You are not wrong to do this, and I am not wrong, I use the language of science but you use the language of collectors - it is convenient for you, you know exactly what you are talking about when you use the term with each other (which is EXACTLY the same reason scientists use the scientific term with each other). The scientific term nevertheless has the advantage of being EXACTLY defined, so there is no ambiguity (yes it might be called red chalcedony, yes it might be jasper, yes it might be called red chert - but in every case it is definitely a red, fine-grained variety of the mineral quartz). Government brochures etc (I write some of them, and others quote in them what I write elsewhere) will often use the collectors term to make it easy for them to read - if I said "a devitrified sericitised rhyolite" many collectors would scratch their heads and say "what the hell does this pamphlet have to do with fossicking for gems!""why the hell didn't he say pyro..... then!")
There are all sorts of assumptions as well in this discussion that are quite incorrect, and it would take a long time to address each one. For example, the assumption that silica cannot dissolve at low temperature - large volumes can dissolve at no more than a couple of degrees Celsius, huge volumes of chalcedony form at temperatures no hotter than an Australian midday, and form fairly continously over areas of hundreds of thousands of square km in fairly pure layers up to many metres thick, some of it worth slabbing, and most occurs in areas with no igneous rocks. Also:
"most siliceous material besides amorphous SiO2 was quite resistant to chemical weathering, or it does not easily dissolve into cooler waters". Definitely not so, ask if you want a fuller explanation.
"you need a minimum of 100 C and extreme pressure to start dissolving most SiO2" - absolutely incorrect - again ask if you want (I have time to answer very specific questions, but a lot of the above has been going around in circles with things where there is little or no disagreement and that gets us nowhere (eg the idea that agate can often be igneous in origin - sure it can be - not at all uncommon)
"the case at the opal fields as they are at a depth not on the surface?" no, as I described in detail previously the opals are within 30 m of the surface when they form, not at depth, within the zone where lots of water can penetrate, although some rainwater can go to km depth in small quantities.
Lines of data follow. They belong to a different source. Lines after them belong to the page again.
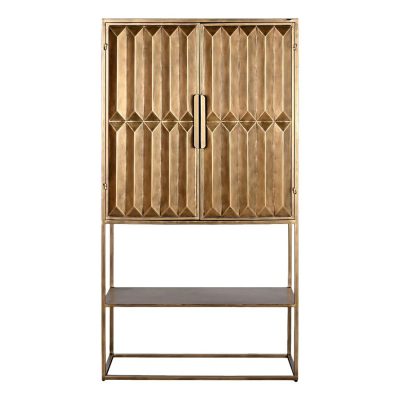 Gold Metal Bar Cabinet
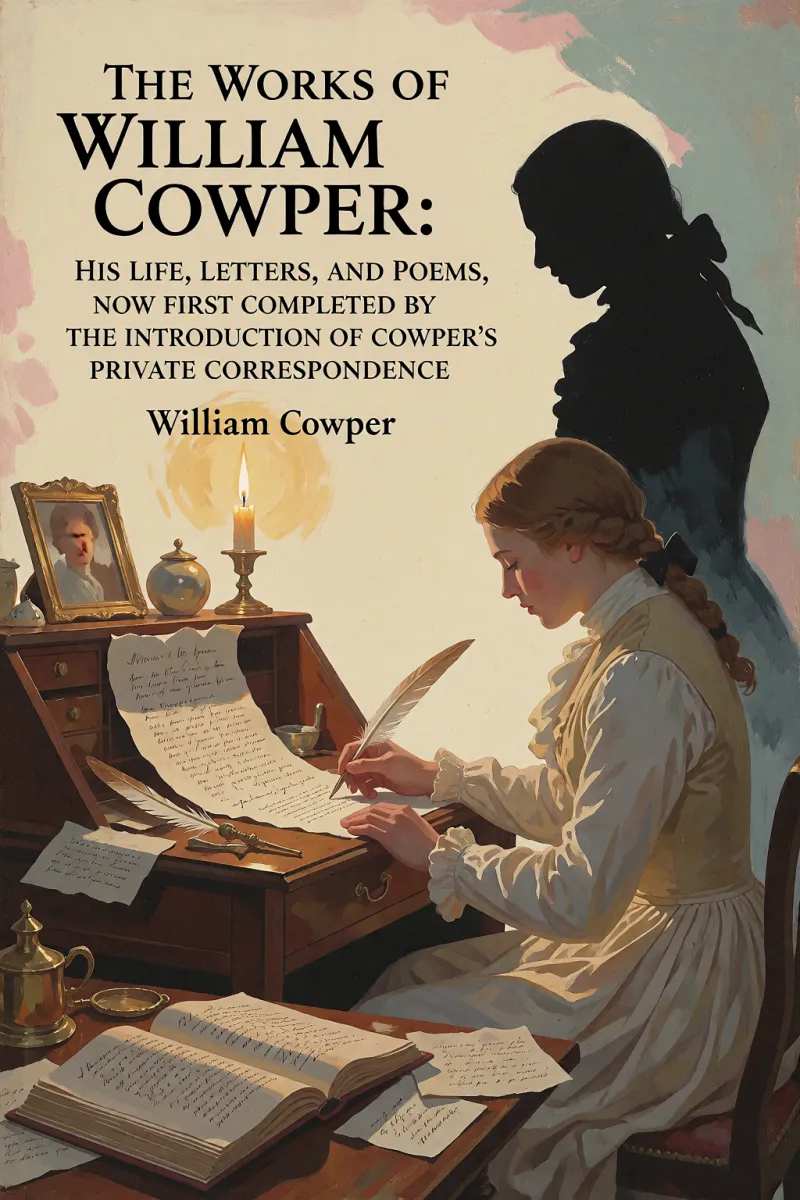 Cover of The Works of William Cowper: His life, letters, and poems, now first completed by the introduction of Cowper's private correspondence by William Cowper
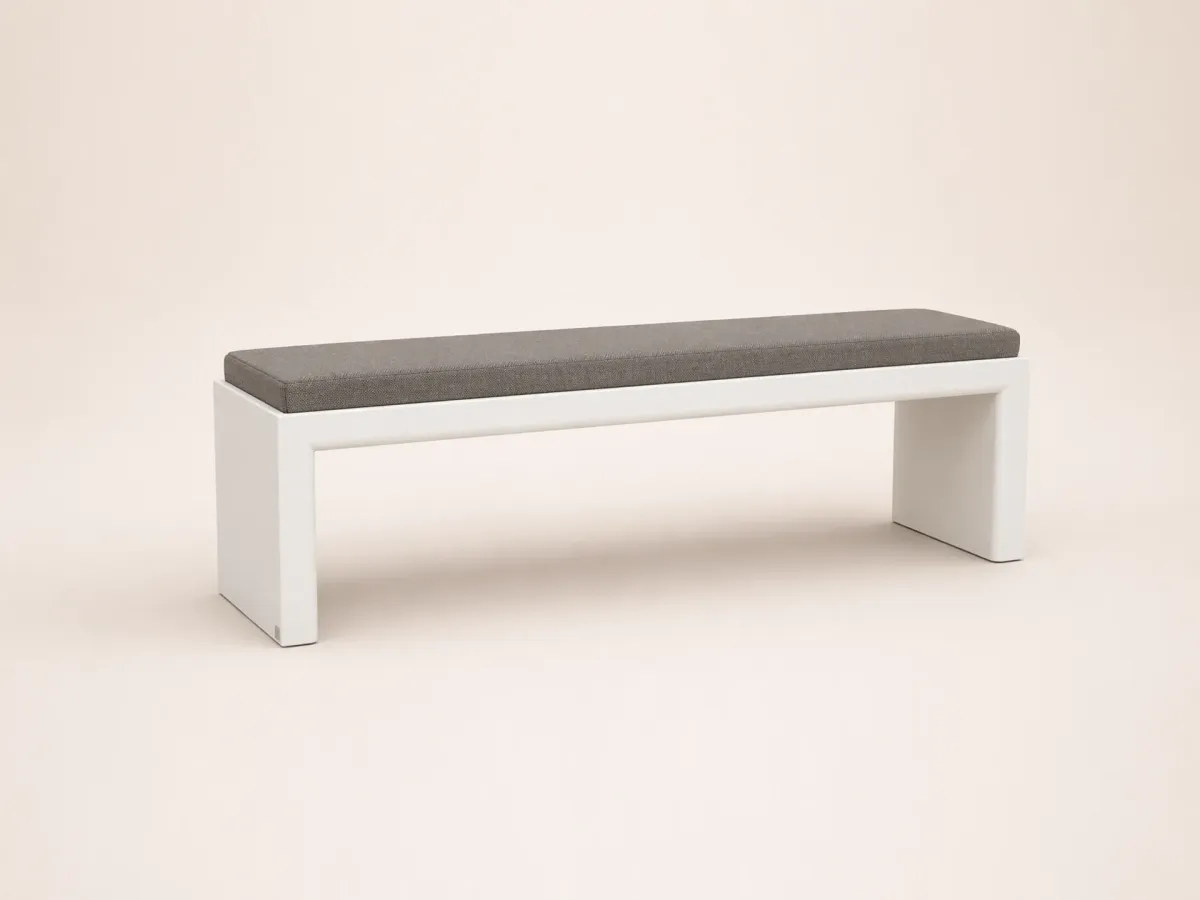 Quadra bench for outdoor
The deepest opal mine shaft in Australia is probably only 45 m, and is only that deep because a layer of gravel and silcrete was added on top after the opal formed.
"this is where you lose me when you talk about rainwater dissolving SiO2, again yes amorphous SiO2 would be dissolved to a point but the bulk of SiO2 is not amorphous" [which I take it means you are implying that it therefore would not dissolve]. No, this is also quite incorrect, but through misunderstanding of what I am discussing when I say silica (which I can fully understand)
Geochemists such as myself talk about dissolving "the silica" from a mineral, I am not talking about dissolving a mineral that is pure SiO2, I am talking about releasing the SiO2 (silica) component of a more complex mineral, such as olivine, pyroxene, plagioclase (eg labradorite). By the way, labradorite is plagioclase but it is reasonable to call labradorite a mineral (not a mineral variety) because we say that plagioclase is a mineral of varying composition (a "solid solution series", ranging from albite Na Al silicate to labradorite Ca Al silicate), so each range of composition in that mineral series can be called by an individual mineral name - albite, oligoclase, andesine, labradorite, bytownite, anorthite (although geologists are trying to do away with this and just say "plagioclase An30"- so albite is 90% Na, 10% Ca and at the other end anorthite is 90% Ca 10% Na - plagioclase is a mineral of varying composition and we simply make arbitary divisions at 10%, 30%, 50% etc.... Your heads must be spinning.....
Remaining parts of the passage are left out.